Former Czech president Václav Klaus is warning of creating new iron curtains while former Polish president Lech Wałęsa is calling for new world order.
The ideological differences arose at Prague’s conference on the 30th anniversary of the fall of the Iron Curtain held on Nov. 11.
At the beginning of his speech, former President Václav Klaus commented on the events of November 1989 and the subsequent social transformation.
“The fall of communism, initiated by the events of Nov. 17, is the greatest event of our modern history, as well as a very positive one,” he said. “It has led to a radical transformation of our lives. It enabled the rapid and profound political and economic transformation of our society, which allowed us to become a full-fledged European country in a relatively short time. That was exactly what we wanted.”
Klaus then emphasized the goals of this transformation, which were freedom, democracy, the market economy, and national sovereignty. At the same time, he considers these attributes to be all the hallmarks of an advanced society.
According to Klaus, the Czech Republic was successful in reaching these goals.
“That is why we do not deserve to be pejoratively described as a post-communist country. We belong among the ex-communist countries at the most,” he said.

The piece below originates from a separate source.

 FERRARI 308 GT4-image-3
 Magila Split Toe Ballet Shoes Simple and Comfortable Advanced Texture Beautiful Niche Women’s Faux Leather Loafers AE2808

The former president is also convinced that the experience of communism provided Czech people with increased sensitivity to the weakening of democratic principles caused by new threats. In this regard, he mentioned the dangers of multiculturalism, genderism, environmentalism, and transnationalism as “an ideology that prevails in Western Europe, which we did not anticipate in November 1989.”
At the same time, he appreciated the critical attitudes of the Visegrad countries towards these tendencies and warned against the formation of new iron curtains within Europe.
“We must continue to defend the attributes of the natural normal world,” Klaus concluded.
While Klaus urged Europeans to defend their core values, former Polish President Lech Wałęsa called for a new world order that rejects the nation-state.
“We have to stop thinking at the state level, we have to broaden the structures in which we belong to,” urged Wałęsa, who emphasized the need to use new technologies to solve current issues at the global as well as the continental level.
“We need new concepts, new structures, and new arrangements,” said Wałęsa.
According to the former Polish prime minister, we are currently situated between two epochs in human history. He said it is clear that in the upcoming epoch there is no risk of communism making a return. At the same time, capitalism in its present form will have no place in the new era as well. Despite this belief, Wałęsa thinks that the market economy will continue to be an important part of the future’s societal order.